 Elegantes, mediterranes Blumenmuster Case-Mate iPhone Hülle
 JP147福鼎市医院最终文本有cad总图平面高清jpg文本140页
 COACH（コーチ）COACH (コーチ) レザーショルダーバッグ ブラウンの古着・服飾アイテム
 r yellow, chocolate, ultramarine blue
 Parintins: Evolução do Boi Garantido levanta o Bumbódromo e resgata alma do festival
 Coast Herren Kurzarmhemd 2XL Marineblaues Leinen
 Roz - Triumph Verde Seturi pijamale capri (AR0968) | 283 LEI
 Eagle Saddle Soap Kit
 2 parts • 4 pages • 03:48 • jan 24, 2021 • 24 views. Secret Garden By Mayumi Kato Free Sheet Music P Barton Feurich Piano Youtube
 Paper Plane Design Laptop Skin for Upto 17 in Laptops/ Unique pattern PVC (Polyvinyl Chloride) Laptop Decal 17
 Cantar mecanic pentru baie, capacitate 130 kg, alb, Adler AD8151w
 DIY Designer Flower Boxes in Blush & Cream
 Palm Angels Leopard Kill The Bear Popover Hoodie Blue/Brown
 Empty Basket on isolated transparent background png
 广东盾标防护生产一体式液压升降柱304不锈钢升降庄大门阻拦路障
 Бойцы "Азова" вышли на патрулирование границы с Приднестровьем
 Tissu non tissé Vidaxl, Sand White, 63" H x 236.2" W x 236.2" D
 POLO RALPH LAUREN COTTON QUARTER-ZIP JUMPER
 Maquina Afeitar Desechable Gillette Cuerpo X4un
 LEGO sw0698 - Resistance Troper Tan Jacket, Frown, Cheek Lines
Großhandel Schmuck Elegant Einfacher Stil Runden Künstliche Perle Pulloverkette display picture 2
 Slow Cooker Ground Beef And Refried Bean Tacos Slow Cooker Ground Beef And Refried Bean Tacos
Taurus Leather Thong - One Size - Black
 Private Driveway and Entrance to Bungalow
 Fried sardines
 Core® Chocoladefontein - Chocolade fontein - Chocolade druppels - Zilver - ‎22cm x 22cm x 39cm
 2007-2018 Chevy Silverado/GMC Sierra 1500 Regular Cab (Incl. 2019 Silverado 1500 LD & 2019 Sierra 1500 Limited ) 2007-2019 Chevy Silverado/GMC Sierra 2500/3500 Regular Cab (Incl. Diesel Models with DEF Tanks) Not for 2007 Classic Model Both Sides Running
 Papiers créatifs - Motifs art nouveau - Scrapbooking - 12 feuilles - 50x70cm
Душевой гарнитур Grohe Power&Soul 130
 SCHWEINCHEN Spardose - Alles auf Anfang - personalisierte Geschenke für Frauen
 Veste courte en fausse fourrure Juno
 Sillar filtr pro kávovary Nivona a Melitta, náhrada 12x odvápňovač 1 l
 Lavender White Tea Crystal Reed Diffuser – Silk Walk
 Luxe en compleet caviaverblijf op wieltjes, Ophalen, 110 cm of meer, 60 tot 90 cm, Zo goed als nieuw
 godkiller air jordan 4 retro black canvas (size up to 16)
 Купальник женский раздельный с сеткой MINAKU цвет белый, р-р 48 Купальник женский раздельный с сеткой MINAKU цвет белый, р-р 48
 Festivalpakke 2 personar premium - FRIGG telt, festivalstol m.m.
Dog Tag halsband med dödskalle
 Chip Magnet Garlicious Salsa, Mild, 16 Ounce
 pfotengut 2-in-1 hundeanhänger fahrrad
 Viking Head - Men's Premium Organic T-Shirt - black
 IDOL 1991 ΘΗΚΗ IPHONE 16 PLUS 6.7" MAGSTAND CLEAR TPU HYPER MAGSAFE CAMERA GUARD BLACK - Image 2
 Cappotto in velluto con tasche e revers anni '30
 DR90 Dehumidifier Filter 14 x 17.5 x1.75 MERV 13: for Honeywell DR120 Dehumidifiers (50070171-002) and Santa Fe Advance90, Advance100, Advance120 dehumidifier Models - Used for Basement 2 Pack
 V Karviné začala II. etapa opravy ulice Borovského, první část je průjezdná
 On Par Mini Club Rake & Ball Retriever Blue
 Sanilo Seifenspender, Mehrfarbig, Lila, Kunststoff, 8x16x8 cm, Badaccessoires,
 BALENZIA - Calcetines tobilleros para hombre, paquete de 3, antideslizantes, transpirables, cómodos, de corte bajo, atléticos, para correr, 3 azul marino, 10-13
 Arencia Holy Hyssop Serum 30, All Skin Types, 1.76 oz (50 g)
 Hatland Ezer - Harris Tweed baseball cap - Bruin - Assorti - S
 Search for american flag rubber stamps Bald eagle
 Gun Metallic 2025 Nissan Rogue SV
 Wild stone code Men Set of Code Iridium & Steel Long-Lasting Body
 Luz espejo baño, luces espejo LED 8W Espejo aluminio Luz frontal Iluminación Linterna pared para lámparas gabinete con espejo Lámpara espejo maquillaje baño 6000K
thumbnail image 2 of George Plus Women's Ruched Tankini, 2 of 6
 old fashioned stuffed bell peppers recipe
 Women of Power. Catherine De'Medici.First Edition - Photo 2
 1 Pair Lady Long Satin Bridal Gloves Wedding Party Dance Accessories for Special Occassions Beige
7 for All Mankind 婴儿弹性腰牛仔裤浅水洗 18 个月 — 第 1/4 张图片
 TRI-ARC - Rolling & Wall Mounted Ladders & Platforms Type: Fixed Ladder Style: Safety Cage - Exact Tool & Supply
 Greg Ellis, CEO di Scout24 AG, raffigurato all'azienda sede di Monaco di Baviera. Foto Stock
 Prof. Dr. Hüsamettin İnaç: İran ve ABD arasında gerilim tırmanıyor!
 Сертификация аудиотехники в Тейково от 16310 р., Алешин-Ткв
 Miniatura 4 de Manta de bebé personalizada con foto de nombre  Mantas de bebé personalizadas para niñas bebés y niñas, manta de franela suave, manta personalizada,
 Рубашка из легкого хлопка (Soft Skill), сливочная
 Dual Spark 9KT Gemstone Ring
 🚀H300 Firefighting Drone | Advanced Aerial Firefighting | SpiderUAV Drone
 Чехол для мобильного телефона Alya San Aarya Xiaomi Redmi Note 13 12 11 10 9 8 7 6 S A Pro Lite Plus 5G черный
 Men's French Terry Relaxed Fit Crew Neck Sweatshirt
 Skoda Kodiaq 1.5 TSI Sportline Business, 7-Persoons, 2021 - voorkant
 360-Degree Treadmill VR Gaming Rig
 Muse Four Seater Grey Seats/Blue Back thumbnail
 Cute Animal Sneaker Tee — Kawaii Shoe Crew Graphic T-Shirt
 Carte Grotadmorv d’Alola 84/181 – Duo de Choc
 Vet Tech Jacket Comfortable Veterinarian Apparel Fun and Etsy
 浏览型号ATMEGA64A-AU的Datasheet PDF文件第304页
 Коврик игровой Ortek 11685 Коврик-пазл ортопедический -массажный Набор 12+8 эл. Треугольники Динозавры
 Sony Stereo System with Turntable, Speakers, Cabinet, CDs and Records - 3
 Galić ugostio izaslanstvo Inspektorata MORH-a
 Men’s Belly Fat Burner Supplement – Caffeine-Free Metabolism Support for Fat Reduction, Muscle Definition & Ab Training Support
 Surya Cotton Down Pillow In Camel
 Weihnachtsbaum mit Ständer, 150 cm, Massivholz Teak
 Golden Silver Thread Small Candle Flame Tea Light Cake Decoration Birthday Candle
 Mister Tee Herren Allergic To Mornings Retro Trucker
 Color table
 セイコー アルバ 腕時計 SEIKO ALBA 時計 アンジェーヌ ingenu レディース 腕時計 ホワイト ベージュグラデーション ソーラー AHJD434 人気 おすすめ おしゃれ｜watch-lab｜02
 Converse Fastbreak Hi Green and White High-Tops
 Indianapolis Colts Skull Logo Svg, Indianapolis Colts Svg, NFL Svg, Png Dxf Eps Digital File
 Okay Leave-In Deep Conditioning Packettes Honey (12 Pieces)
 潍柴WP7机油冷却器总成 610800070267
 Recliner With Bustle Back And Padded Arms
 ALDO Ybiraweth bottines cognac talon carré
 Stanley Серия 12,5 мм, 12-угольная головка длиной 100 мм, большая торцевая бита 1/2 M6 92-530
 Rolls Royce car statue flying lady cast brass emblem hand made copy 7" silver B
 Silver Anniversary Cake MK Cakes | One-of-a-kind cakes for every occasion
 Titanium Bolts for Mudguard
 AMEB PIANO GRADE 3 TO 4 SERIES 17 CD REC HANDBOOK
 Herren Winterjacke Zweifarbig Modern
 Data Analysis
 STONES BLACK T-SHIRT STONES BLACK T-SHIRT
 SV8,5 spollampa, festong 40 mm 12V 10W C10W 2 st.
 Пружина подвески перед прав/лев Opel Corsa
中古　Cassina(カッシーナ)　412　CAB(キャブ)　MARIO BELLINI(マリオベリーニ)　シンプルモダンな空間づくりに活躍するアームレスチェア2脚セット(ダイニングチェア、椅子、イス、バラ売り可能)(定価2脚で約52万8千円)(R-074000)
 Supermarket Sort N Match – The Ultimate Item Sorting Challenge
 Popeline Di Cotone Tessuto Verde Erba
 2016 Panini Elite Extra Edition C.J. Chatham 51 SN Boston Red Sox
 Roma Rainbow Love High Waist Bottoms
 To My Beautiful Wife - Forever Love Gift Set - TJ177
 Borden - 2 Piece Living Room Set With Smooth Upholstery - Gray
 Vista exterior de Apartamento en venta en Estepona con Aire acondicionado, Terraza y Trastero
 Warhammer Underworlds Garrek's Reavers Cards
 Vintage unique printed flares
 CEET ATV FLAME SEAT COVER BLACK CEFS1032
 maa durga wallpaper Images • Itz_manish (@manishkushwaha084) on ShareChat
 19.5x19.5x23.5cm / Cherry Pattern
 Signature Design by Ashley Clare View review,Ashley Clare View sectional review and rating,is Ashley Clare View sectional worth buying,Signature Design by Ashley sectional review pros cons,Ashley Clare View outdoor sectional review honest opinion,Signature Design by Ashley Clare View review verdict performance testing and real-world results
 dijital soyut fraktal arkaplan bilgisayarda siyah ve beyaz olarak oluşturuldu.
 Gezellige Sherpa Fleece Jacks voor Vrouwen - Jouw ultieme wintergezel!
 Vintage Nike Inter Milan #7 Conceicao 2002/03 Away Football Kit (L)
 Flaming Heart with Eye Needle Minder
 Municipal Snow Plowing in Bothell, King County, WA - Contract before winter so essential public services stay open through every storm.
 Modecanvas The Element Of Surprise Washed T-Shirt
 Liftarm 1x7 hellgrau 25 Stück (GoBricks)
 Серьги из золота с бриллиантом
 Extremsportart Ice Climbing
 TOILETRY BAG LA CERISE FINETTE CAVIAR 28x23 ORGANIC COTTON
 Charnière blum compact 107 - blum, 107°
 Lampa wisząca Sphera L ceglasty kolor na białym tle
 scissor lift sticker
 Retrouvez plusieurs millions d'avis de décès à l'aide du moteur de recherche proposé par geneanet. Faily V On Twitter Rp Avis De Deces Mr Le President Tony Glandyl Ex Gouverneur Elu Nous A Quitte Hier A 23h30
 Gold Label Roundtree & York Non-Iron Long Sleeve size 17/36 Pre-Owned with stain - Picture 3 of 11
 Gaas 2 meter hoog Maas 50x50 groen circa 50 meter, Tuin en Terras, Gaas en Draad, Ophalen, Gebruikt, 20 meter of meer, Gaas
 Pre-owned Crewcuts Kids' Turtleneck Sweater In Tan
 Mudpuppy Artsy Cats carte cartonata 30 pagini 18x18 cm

PROBLEM TO WORK ON: Return exactly, and only, the lines above starting at the line that contains "360-Degree Treadmill VR Gaming Rig" and ending at the line that contains "浏览型号ATMEGA64A-AU的Datasheet PDF文件第304页".

EXERCISE ANSWER:
 360-Degree Treadmill VR Gaming Rig
 Muse Four Seater Grey Seats/Blue Back thumbnail
 Cute Animal Sneaker Tee — Kawaii Shoe Crew Graphic T-Shirt
 Carte Grotadmorv d’Alola 84/181 – Duo de Choc
 Vet Tech Jacket Comfortable Veterinarian Apparel Fun and Etsy
 浏览型号ATMEGA64A-AU的Datasheet PDF文件第304页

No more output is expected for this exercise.